Francesca capì che non avrebbe fatto progressi su quella strada, perciò cambiò tattica. «Hai mai sentito parlare di Bianca Andersen?»
«Chi?» esclamò Butch, però Francesca si accorse che aveva avuto un sussulto nel sentire quel nome, come se fosse rimasto sorpreso.
«Bianca Andersen» ripetè. «Mai sentita nominare?» lo pungolò. «Non mi chiedi chi è o perché ti ho chiesto se la conosci?»
«Ora basta, fuori di qui» sbottò Butch. «Sono stato sin troppo paziente con te.»
«I suoi resti sono stati trovati a Dead Mule Canyon. Non è lontano da qui, non trovi?»
«Non saprei, non ci sono mai stato.»
«Sicuro?»
Butch Vaughn fece il giro della scrivania. «Ho detto basta, fuori.»
Francesca si alzò ma si rifiutò di muoversi, anche quando lui le sì mise davanti.
Doveva insistere per indurlo a contraddirsi, altrimenti la sua visita sarebbe stata inutile. «Altrimenti?» lo provocò.
«Altrimenti chiamo la polizia. Sono stato gentile, ti ho restituito la borsetta...»
«Certo, perché l’avevi rubata» precisò Francesca interrompendolo.
«Non è vero!» si difese. «Quando sono tornato indietro a cercarla non l’ho più trovata. Era sparita. Credo che l’abbia presa quel matto di mio cognato, perché è stato lui a portarmela ieri sera.»
«Dean era a casa quel giorno?»
«Sì, certo. Non esce mai. Non può guidare perché assume psicofarmaci. E poi hai visto com’è fuori di testa. Chi vorrebbe uscire con lui?»
«Sinceramente, mi è sembrato molto meno ostile di te» gli fece notare.
Lui fece una smorfia. «Non lo conosci bene.»
«Posso sempre rimediare» azzardò Francesca, per fargli capire che forse, se avesse parlato con il cognato, le avrebbe dato un’altra versione dei fatti.

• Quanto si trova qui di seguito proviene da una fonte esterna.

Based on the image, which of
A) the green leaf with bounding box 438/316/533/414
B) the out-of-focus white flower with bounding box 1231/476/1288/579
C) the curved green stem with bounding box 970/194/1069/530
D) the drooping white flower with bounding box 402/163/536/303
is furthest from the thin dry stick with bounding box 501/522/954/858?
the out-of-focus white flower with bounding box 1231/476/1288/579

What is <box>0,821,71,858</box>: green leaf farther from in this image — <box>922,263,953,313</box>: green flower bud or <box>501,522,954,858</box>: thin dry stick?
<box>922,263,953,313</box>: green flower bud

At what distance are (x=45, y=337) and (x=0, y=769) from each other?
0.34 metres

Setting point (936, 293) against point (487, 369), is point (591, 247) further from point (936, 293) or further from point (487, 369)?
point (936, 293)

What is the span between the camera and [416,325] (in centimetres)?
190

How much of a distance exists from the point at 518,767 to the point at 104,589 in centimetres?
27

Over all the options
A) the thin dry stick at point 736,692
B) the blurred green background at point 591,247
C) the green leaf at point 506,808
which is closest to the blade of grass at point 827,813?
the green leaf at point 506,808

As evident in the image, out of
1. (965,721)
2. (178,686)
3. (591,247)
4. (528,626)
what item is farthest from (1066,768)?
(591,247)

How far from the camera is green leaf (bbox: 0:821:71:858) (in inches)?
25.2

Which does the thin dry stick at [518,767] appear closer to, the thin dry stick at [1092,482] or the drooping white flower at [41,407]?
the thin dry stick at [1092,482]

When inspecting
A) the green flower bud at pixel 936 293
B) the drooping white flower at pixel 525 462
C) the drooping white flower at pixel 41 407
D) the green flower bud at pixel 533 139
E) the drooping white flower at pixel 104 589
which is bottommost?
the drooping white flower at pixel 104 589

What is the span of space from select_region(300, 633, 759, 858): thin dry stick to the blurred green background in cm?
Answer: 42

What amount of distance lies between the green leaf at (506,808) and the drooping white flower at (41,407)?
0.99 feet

«È stato un errore, non avrei dovuto invitarti» borbottò lui uscendo dall’ufficio senza aggiungere altro, lasciandola sola.
Francesca si chiese se avesse detto la verità. Le sue giustificazioni, per quanto difficili da credere, non erano inverosimili. Stava per uscire quando notò con la coda dell’occhio un movimento dietro i vetri opachi per lo sporco e si accorse che Dean la stava spiando dall’esterno. Cercò di andarsene, ma lui le bloccò il passo appena fu uscita dall’ufficio.

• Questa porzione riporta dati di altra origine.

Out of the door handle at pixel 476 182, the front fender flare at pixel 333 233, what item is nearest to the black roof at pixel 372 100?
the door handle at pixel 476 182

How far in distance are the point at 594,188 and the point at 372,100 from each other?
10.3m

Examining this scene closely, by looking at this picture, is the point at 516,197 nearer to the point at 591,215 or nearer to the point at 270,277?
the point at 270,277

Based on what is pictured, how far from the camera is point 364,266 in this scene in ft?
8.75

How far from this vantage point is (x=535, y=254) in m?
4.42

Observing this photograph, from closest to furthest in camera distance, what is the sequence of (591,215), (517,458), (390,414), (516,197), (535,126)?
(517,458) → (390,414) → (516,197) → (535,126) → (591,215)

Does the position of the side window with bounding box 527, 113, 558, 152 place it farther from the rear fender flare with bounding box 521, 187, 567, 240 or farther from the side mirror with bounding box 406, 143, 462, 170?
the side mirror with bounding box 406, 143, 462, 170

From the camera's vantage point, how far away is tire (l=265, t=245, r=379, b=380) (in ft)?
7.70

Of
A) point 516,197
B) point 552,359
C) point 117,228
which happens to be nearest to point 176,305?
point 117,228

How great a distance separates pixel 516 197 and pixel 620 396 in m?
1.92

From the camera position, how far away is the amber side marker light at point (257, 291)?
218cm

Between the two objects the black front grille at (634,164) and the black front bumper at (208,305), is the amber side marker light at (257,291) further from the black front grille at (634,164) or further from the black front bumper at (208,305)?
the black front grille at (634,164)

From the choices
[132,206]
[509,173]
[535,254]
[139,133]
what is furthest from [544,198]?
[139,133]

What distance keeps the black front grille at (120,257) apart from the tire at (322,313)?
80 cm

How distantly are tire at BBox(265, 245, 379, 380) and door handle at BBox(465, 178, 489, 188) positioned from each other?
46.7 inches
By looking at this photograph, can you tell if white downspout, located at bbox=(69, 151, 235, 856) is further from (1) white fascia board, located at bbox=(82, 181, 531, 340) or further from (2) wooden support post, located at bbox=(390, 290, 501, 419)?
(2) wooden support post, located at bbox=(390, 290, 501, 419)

«Che ti ha detto Butch?» le chiese, avviandosi verso l’uscita accanto a lei.
«Niente, perché?»
«Avete parlato molto. Qualcosa ti avrà pur detto» insistette lui.

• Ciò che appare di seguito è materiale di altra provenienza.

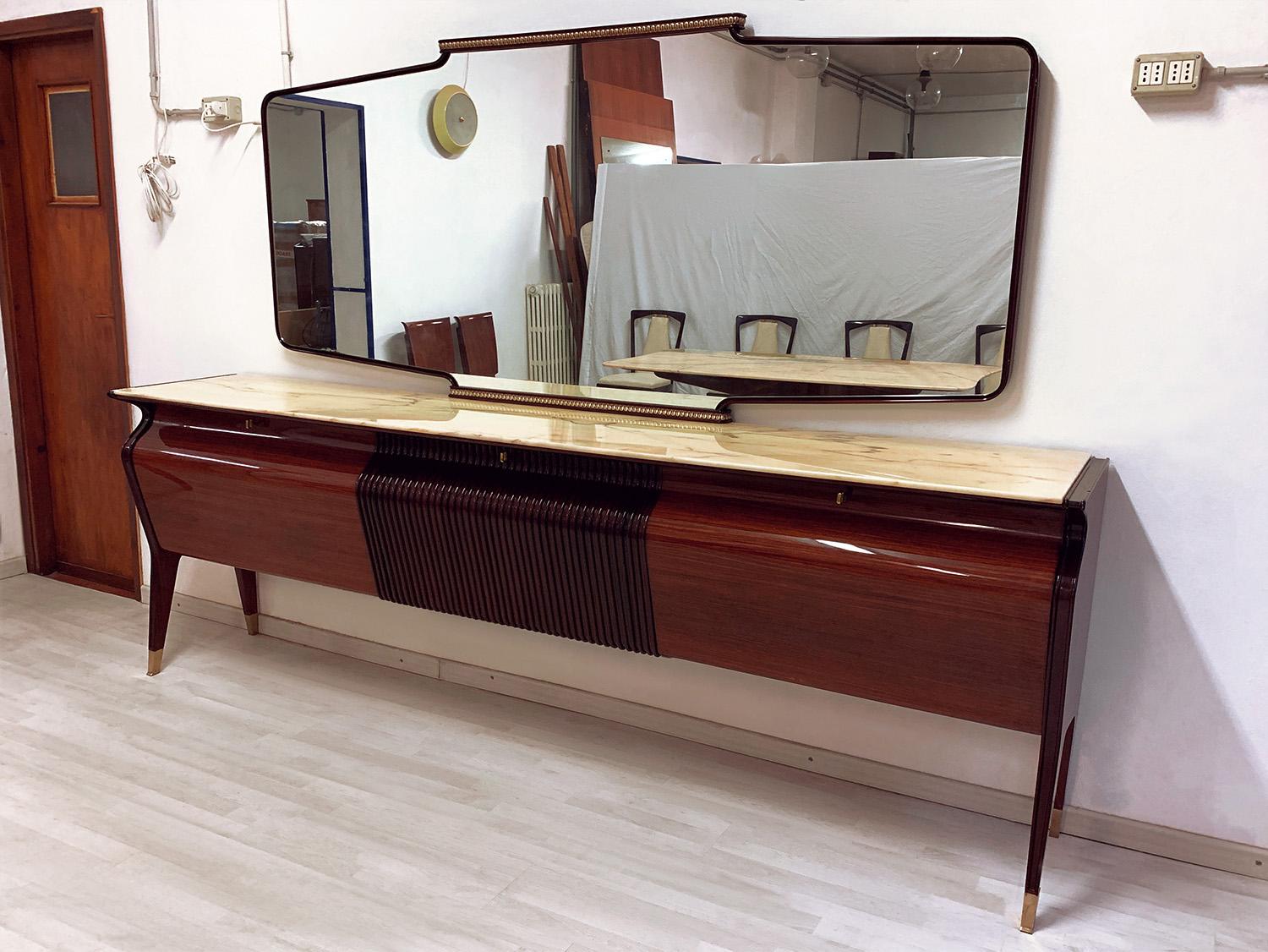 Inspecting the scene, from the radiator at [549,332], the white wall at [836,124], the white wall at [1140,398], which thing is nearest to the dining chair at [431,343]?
the radiator at [549,332]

Francesca lo guardò mentre camminava al suo fianco. Il suo tono di voce era calmo, ma il suo portamento era rigido e teso. «Mi ha chiesto scusa per il malinteso dell’altro giorno.»
«Quindi credi che sia stato solo questo? Un malinteso?» replicò Dean.
Francesca si fermò e lo guardò.
«Tu non sei dello stesso parere?»
Dean si guardò intorno come se avesse paura di correre dei rischi parlando con lei. «Butch non è una brava persona, ormai dovresti saperlo.»
Anche Francesca aguzzò la vista, ma Vaughn sembrava essersi volatilizzato. «Hai delle prove concrete di quello che dici?»
Dean scosse la testa. «No, e comunque non importa. Lascia perdere. Non so niente. Non dicevo sul serio. Butch non ha fatto niente di male» replicò lui in fretta.
Senza aggiungere altro, le voltò le spalle e si avviò a passo svelto verso la casa.